Improving Active Learning with a Bayesian Representation of Epistemic Uncertainty
This work addresses the problem of improving active learning efficiency for researchers and practitioners by offering a novel uncertainty representation, though it appears incremental as it builds on existing theories.
The paper tackled the challenge of distinguishing epistemic and aleatoric uncertainty in active learning by proposing a combination of probability and possibility theories, leading to new strategies that showed strong performance in GP-based classification tasks on simulated and real datasets.

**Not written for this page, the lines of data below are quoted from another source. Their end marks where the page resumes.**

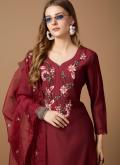 Red Silk Embroidered Salwar Suit for Ceremonial - 2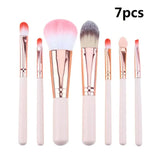 7 pcs makeup brush set with a bag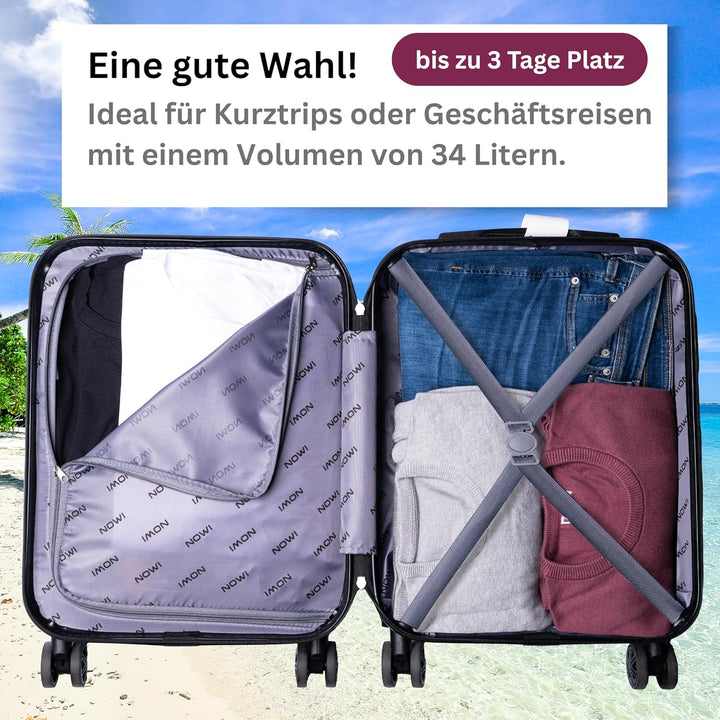 NOWI® Las Palmas Koffer Klein: 55x40x20cm Leichter Hartschalenkoffer mit Rollen, 34L passend für Rya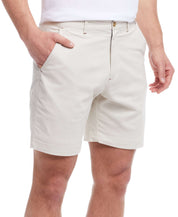 The 8" Twill Short in Stone, perfect for casual days and warm-weather outings, showcasing a regular fit and classic details.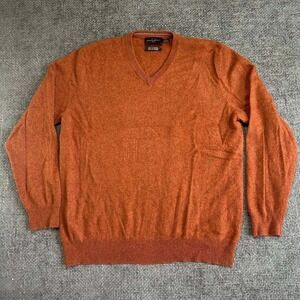Black Brown 1826 Sweater Mens XL Orange 100% Cashmere V-Neck Knit Luxury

A popular strategy for active learning is to specifically target a reduction in epistemic uncertainty, since aleatoric uncertainty is often considered as being intrinsic to the system of interest and therefore not reducible. Yet, distinguishing these two types of uncertainty remains challenging and there is no single strategy that consistently outperforms the others. We propose to use a particular combination of probability and possibility theories, with the aim of using the latter to specifically represent epistemic uncertainty, and we show how this combination leads to new active learning strategies that have desirable properties. In order to demonstrate the efficiency of these strategies in non-trivial settings, we introduce the notion of a possibilistic Gaussian process (GP) and consider GP-based multiclass and binary classification problems, for which the proposed methods display a strong performance for both simulated and real datasets.